I also like to think about thinking. How can one become a more creative thinker, think faster, think better, think strategically, plan better, etc. Nothing wrong with it, it is just the default mode of how I operate. I think I morphed into a thinker because I am just so impractical, I am the best example of “all thumbs” ever.
On the other side of the spectrum are people who view thinking as hard work. They are always busy, and they get satisfaction from completing things and seeing how it works. The doers are the people who get things done.
A business needs both “Thinkers” and “Doers.” Jeffrey Phillips explains quite interestingly what will happen if a company consists of only one type. He hypothesizes that a firm composed entirely of Thinkers is basically a research lab or a think tank, while a firm composed entirely of Doers would eventually run itself, very efficiently, right out of business because it never changed or created new products or services.
After the realization of the Thinkers and Doers theory, I started investigating it and observing in organisations how things get done, or not done. On the academic side of things, it seems that scholars of business and management agree to the formation of the Thinker and Doer types, and the issue being debated now is how to find the balance between thinking and doing.

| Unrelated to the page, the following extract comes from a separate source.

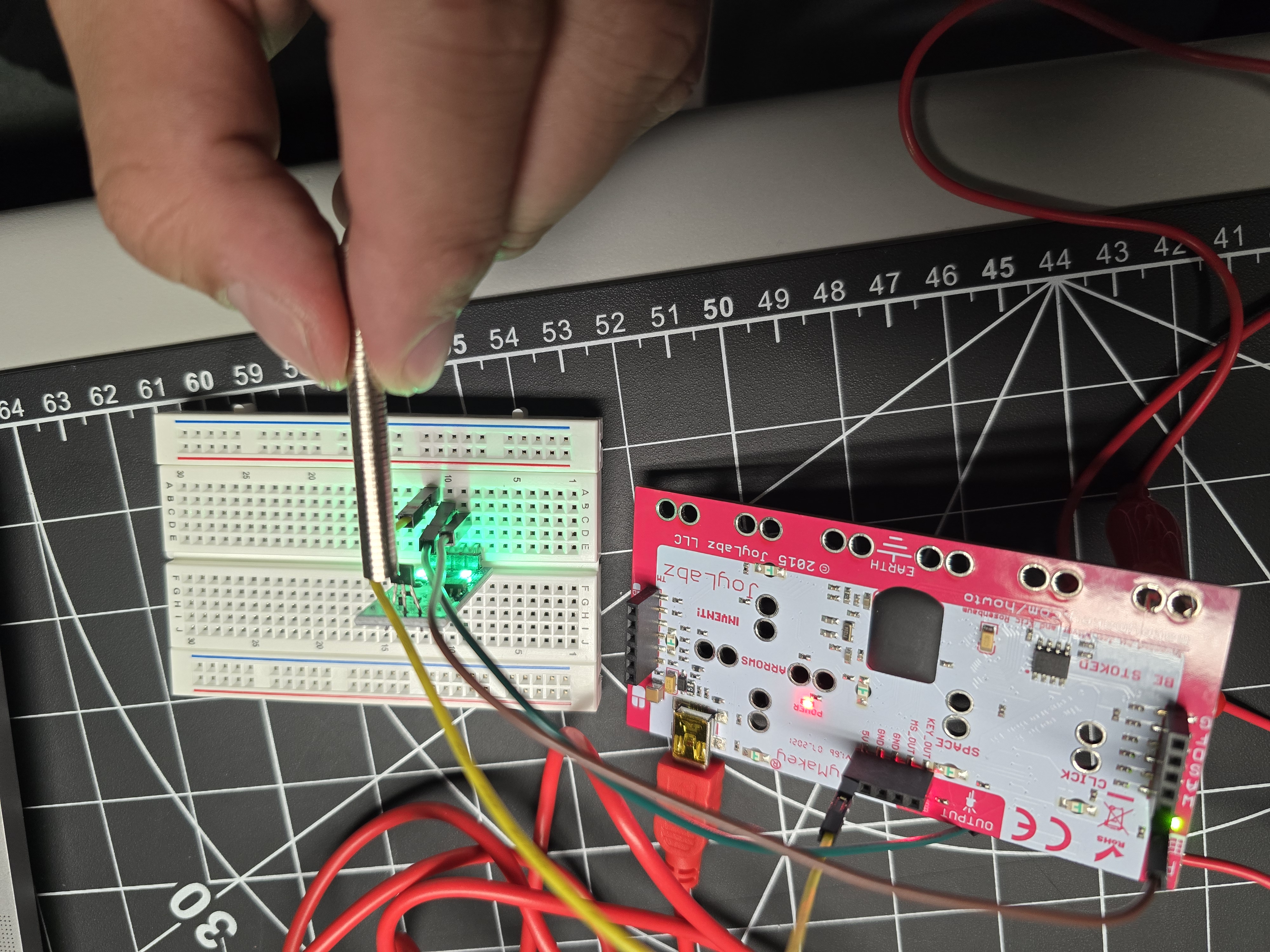 Measuring activation distance — bringing a magnet toward the sensor to observe at what range it triggers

I came across an excellent article about this topic, and I will address it in the next delivery. My observation of what happens in practice in organisations is that the “system” is still pretty much wired to compensate people for “deliverables.” So, if you are not busy doing or delivering something, the impression is that you are not working. Meaning that if you are sitting and “thinking,” the perception is that you are not adding any value. This is a broad generalization of course, I am not saying this is the case in every organisation.

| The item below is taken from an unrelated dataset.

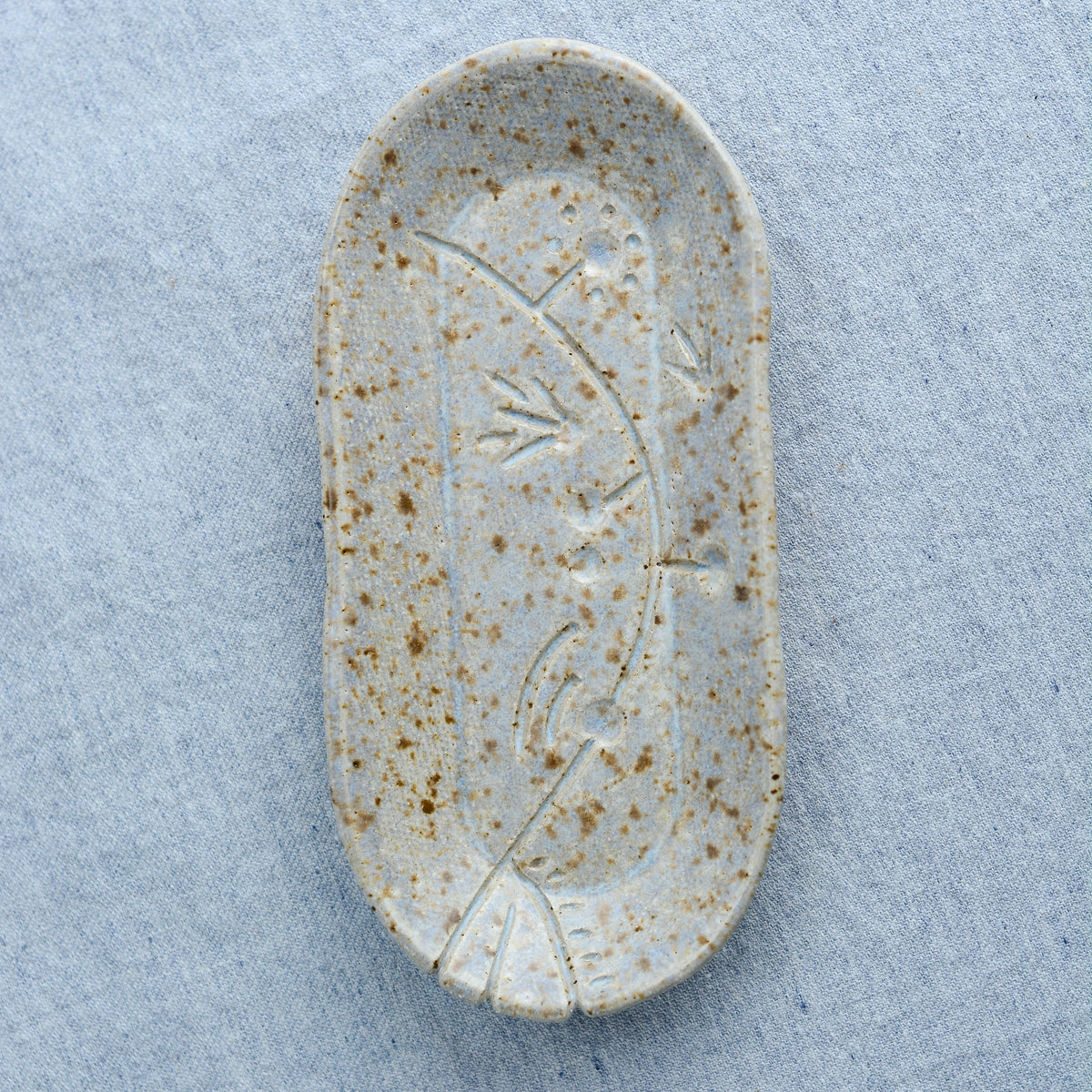 A charming oblong dish, ideal for holding rings, keys, or a splash of soy sauce. Each piece is unique, showcasing a distinctive hand-carved motif and a matching hand-painted finish.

The fact of the matter is that we need both of these skill sets to be effective in any business. More specifically, if you want to make things happen concerning innovation, you need to match the Thinkers with the Doers.
It seems pretty straightforward, doesn’t it? Then why are not all organizations doing it? I think the reason mentioned above – thinking is not perceived as “work” – plays a significant role. Other issues that come into play, as pointed out by Jeffrey Phillips, are: 1) the appropriate proportion of each skill set in every product group or team. 2) The different approaches to compensating and motivating these very different people within the same teams. 3) How to bridge between them and make both kinds of people successful in an organisation.
For a start, I want to suggest that organisations identify who are the Thinkers and the Doers in the organisation – although I think that you will already have a very good idea. And then match Thinkers and Doers in teams responsible for innovation. I predict that the Thinkers will create some creative tension within the innovation process or product, but if matched with the Doers, the team will create real results.
Please share your findings with me if you establish this mix in one of your innovation teams.
As I’ve mentioned, finding the right balance between thinking and doing is currently a topic of much interest, and I will share my findings on the matter in the next delivery.
I conclude with a beautiful quote from Ralph Waldo Emerson: “Thought is the blossom; language the bud; action the fruit behind it.”